= Consensia partnership =

The Consensia Partnership is a former trading name for a consortium led by Deloitte, used from 2001 to 2009 in relation to a contract to carry out recruitment of police officers for the Police Service of Northern Ireland (PSNI). That work is now conducted by Deloitte MCS Limited under its own branding.

The PSNI was set up in line with the recommendations of the Patten Commission and the Police (Northern Ireland) Act 2000. The aim was to create a new beginning to policing Northern Ireland, with far-reaching and permanent change in policing structures and arrangements, so that the Police Service, in which the Catholic/Nationalist minority was very under-represented, became more reflective of the composition of the community. Consensia began recruiting for Regular trainees in February 2001 and the first Regular trainees completed their initial training in April 2002.

The process to form a pool of qualified candidates was, and in 2011 still is, conducted so that no-one receives less favourable treatment on grounds of gender, marital status, religion, political opinion, race, age (within upper and lower limits), sexual orientation or having or not having dependents or disability. Once a pool of qualified candidates has been formed, the Chief Constable appoint trainees on the basis of 50 per cent Roman Catholic and 50 per cent non-Roman Catholic. This "50:50" arrangement required special domestic legislation, and a temporary exception written into European Union equality legislation, in order to exempt it from the scope of non-discrimination law which, in Northern Ireland, ordinarily prohibits any differential treatment on religious grounds in the field of employment.
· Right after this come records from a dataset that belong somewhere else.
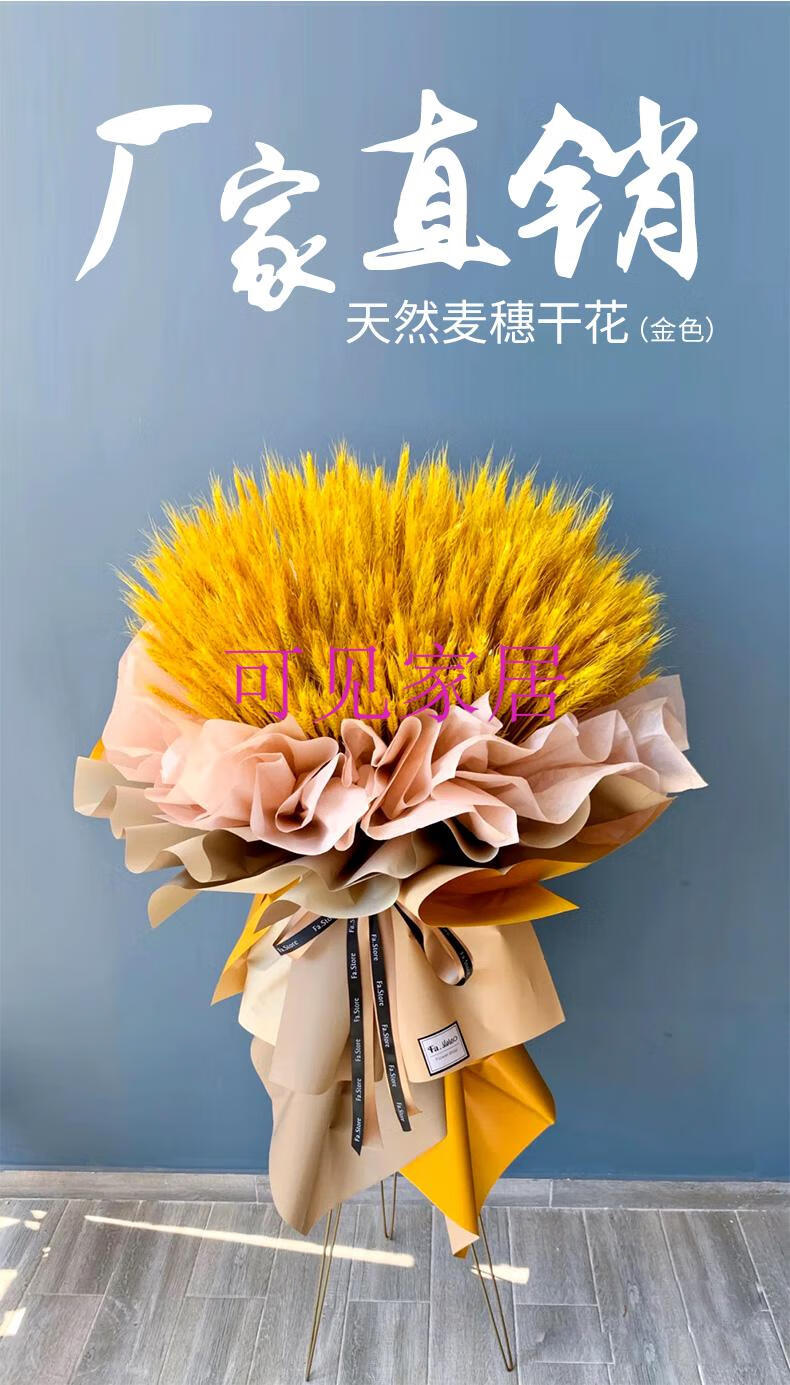 黄金麦穗干花大麦天然干稻穗开业大麦卖花束摆件拍摄道具工厂直发100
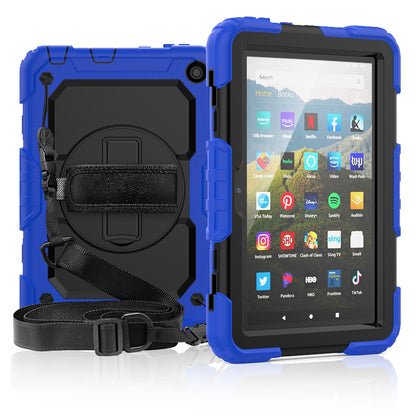 Tough Strap Kindle Fire HD 8 2020 Shockproof Case Built-in Screen Protector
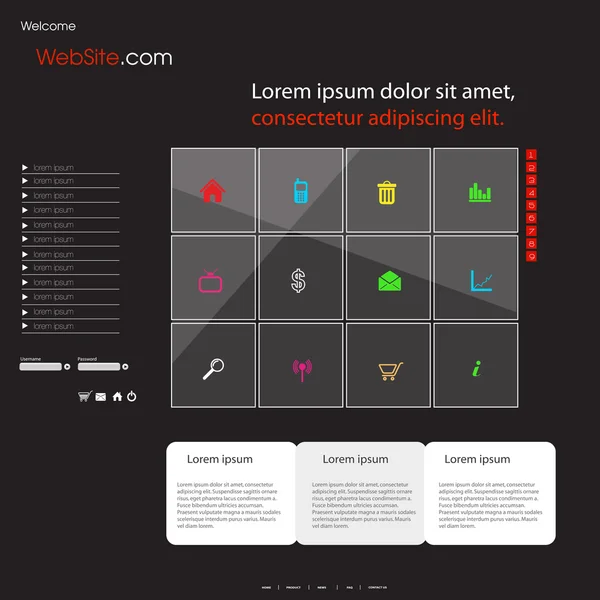 Plantilla de sitio web de negocios con iconos, fácil de editar — Vector de stock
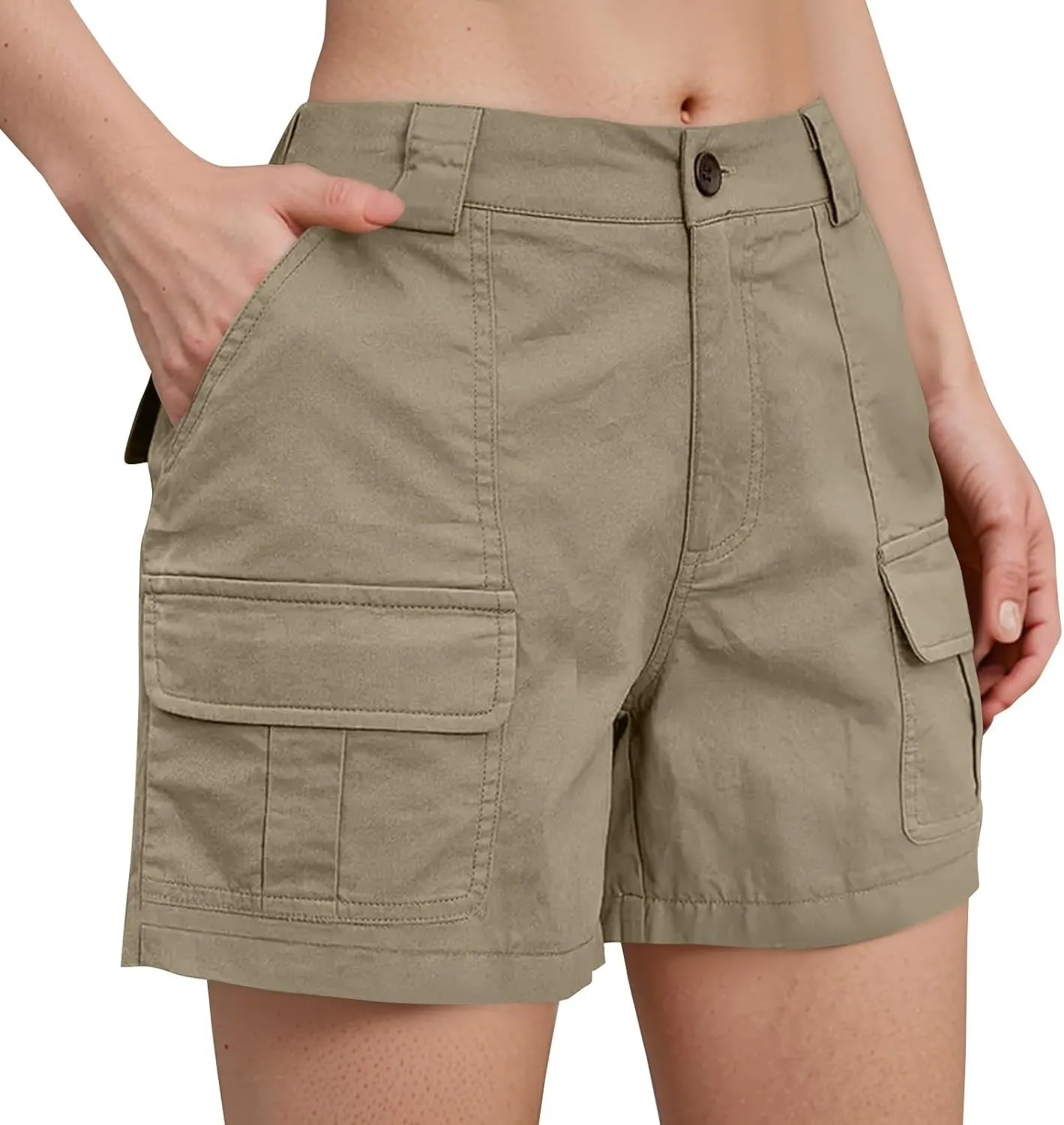 Womens Cargo Shorts Front Button Waist Straight Leg Casual Pant Loose Fit Stretch Summer Vacation Outfits with Pocket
Following a series of recruitment rounds conducted by Consensia, and subsequently by Deloitte under its own name, composition of the Police Service had by February 2011 reached a Catholic representation of almost 30%, a substantial increase from 8% reported by the Independent Commission in 1999. The UK Government consequently proposed to discontinue, from April 2011, the "50:50" measures. Catholic participation in police support staff (recruitment for which was managed under different procedures by another company, Grafton Recruitment) remained around 18%, far below the 45.4% Catholic share of Northern Ireland's monitored workforce (firms of more than 10 employees).

The Consensia partnership comprised:

Management consultants Deloitte & Touche (now called Deloitte), Occupational Psychologists Pearn Kandola, AV Browne advertising and a fourth member was a medical services business that remained anonymous.